(Caption-style text data)
Content starts
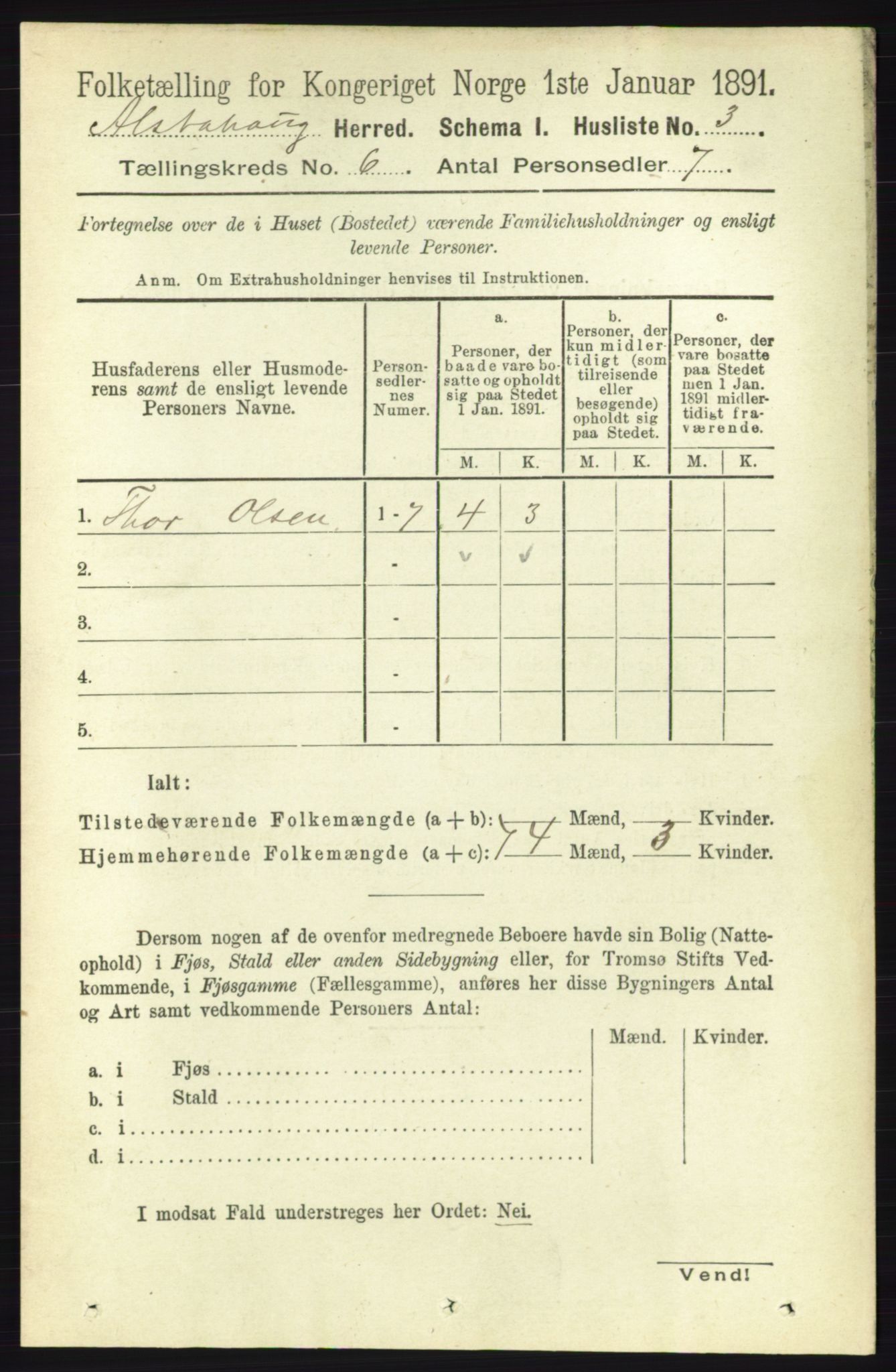 RA, 1891 census for 1820 Alstahaug, 1891, p. 2047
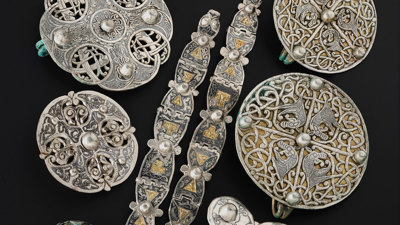 Anglo-Saxon metalwork from inside the lidded vessel from the Galloway Hoard.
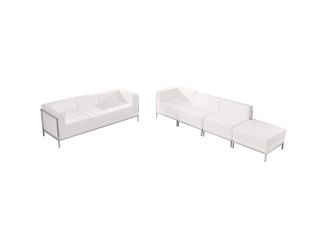 5 Piece White LeatherSoft Modular Sofa & Lounge Chair Set w/ Taut Back &Seat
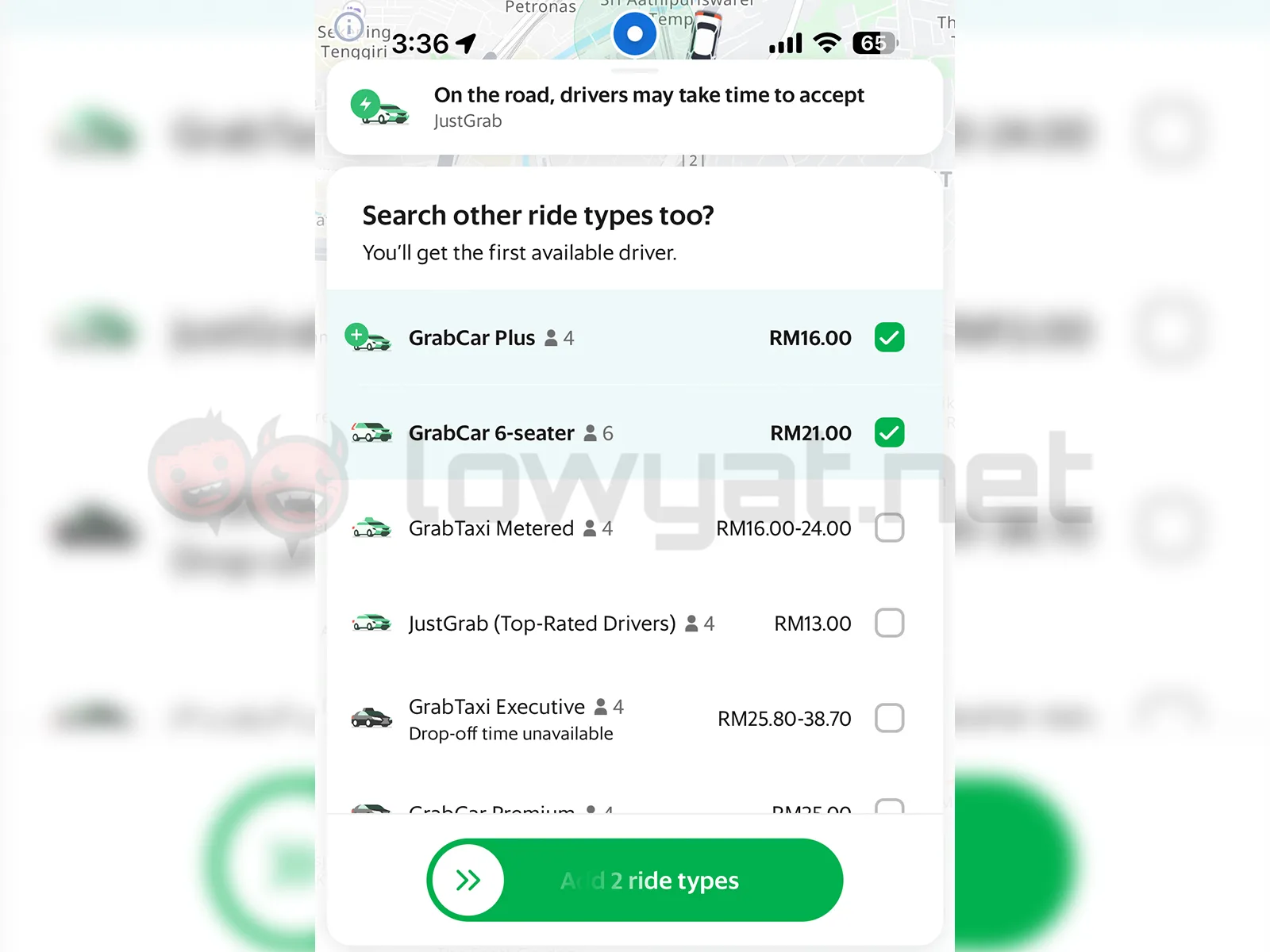 grab book multiple types of rides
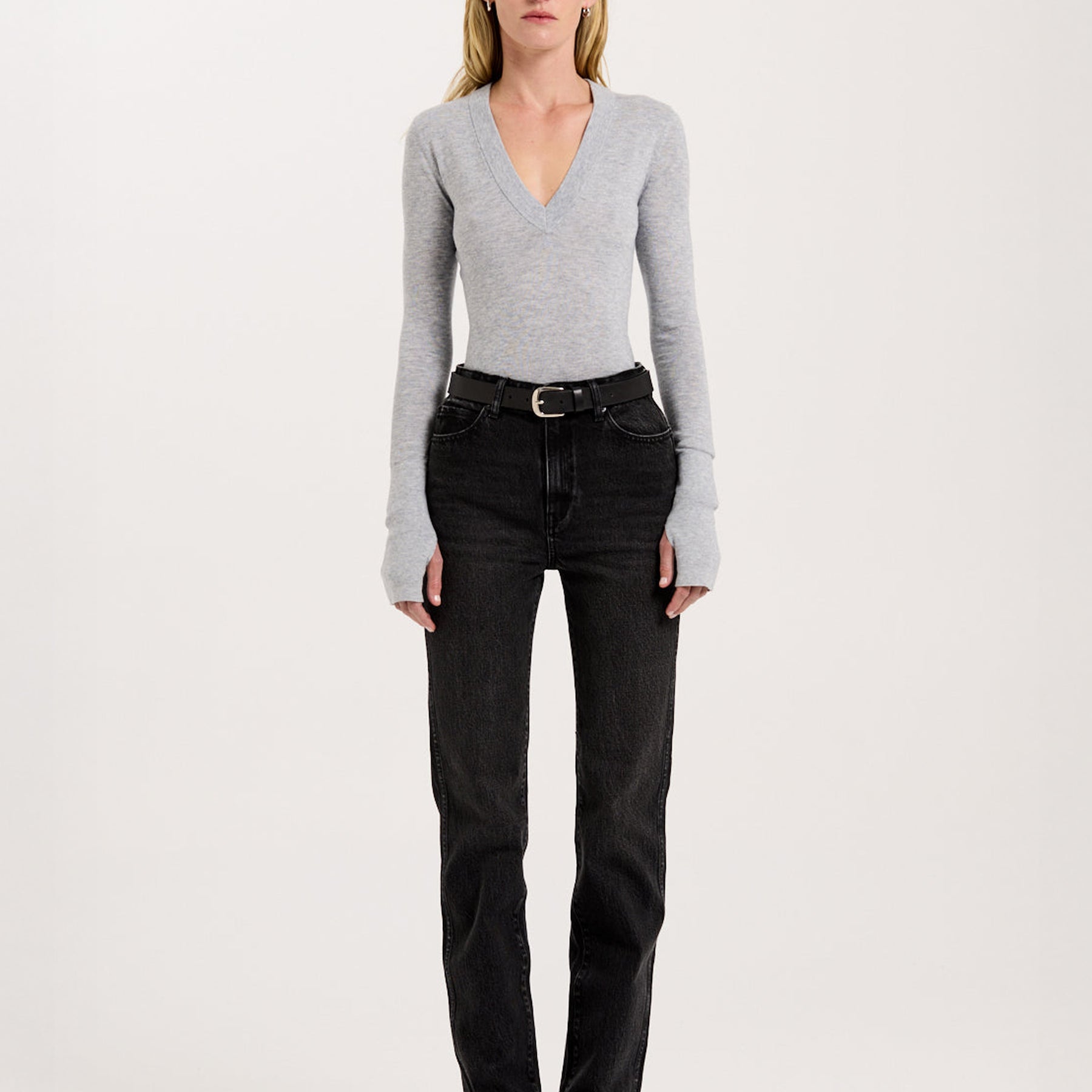 HENNE | Aveline Knit Top in Grey Marle | The UNDONE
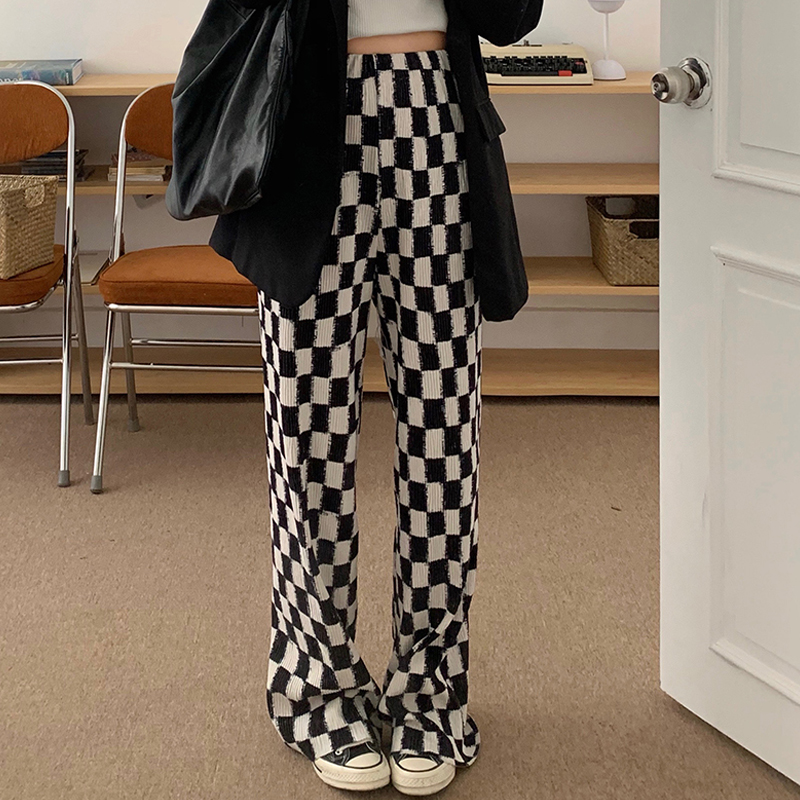 2022 autumn new Korean plaid pants fat mm large casual versatile high waist straight tube floor mop women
Content ends
Skip the pictures and output all entries exactly.

 RA, 1891 census for 1820 Alstahaug, 1891, p. 2047
 Anglo-Saxon metalwork from inside the lidded vessel from the Galloway Hoard.
 5 Piece White LeatherSoft Modular Sofa & Lounge Chair Set w/ Taut Back &Seat
 grab book multiple types of rides
 HENNE | Aveline Knit Top in Grey Marle | The UNDONE
 2022 autumn new Korean plaid pants fat mm large casual versatile high waist straight tube floor mop women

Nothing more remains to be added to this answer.